There are a lot of good reasons to start lifting when you’re over 40…
- general health
- prevent muscle loss as you age
- look amazing…
And lifting is recommended to strengthen the muscles around joints and that’s something we want, right?
But if you’ve got cranky knees, shoulders, or elbows like I do, you might worry about getting hurt when your lifting.
I’ve got 10 ways you can protect your joints when you lift. Watch the video or read below.
1. Warm-up and cool down.
Use movements that raise your body temperature. Do some easy cardio for 5 to 10 minutes.

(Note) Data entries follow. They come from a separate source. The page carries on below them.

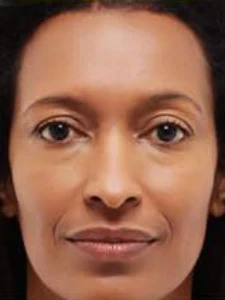 Mid cheek and lips filler 1 (after)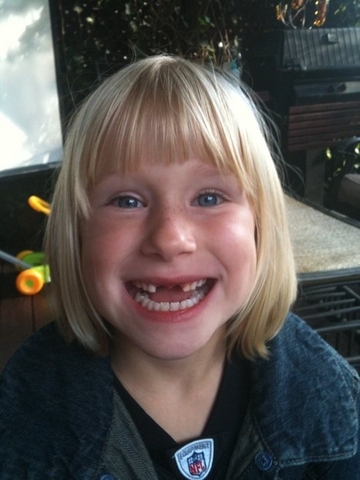 AND THE TEETH JUST KEEP COMIN' OUT!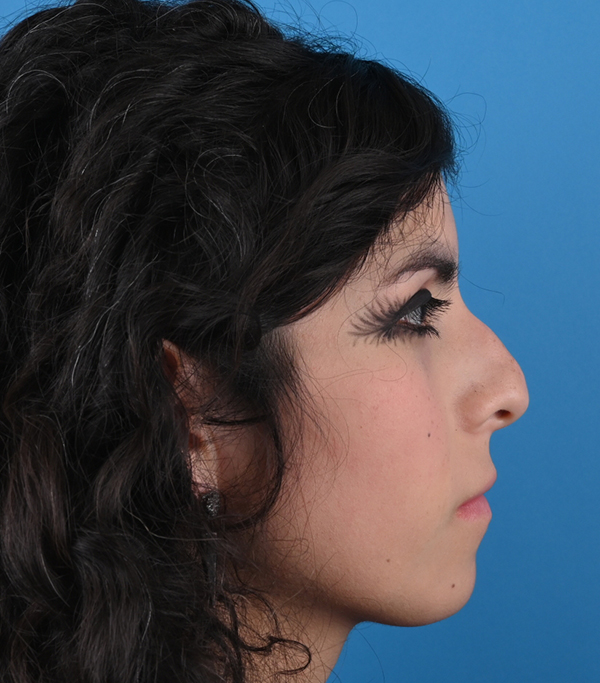 Rhinoplasty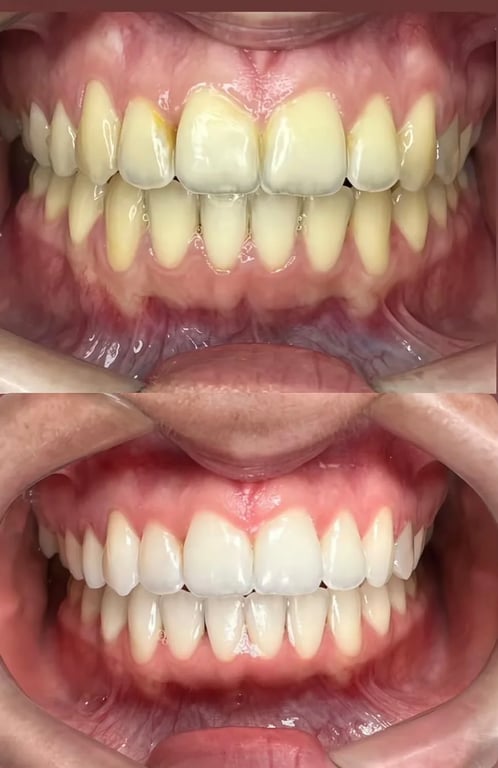 Antes e depois de tratamento realizado na Vértice — Dr. Kleber Sandim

Related: How to Warmup to Lift the Right Way
Cool down with some easy floor, exercises or stretches for your whole body.
2. Watch your form.
Use full range of motion if you can, but adjust your form if you need to.
Don’t lock out your knees or elbows to avoid putting too much pressure on your joints.
Always, keep your back straight and hold your shoulders down during some upper body movements. You may notice that your shoulders start to creep up towards your ears. We don’t want that. You want to bring your shoulders down.
3. Vary your program.
Repetitive motions and imbalances can cause strain on your joints.
Limit your sets to about 15 reps or less.
Design a program that covers all your muscle groups so that you are building strength in a balanced way.
4. Start off light.
Practice your exercises before you add a lot of weight.
Increase the intensity by adding a little weight, or if you can’t add weight, do a couple more reps.
5. Slow down.
Let your muscles do the work instead of allowing momentum to take over.
If you’ve ever seen people in the gym, just swinging the weights around – that’s not what you want to do.
You could count to three as you raise the weight and count to three again as you lower it.
6. Rest and recover.
Strength training causes tiny, but harmless, tears in your tissues. Your muscles grow when those tears repair.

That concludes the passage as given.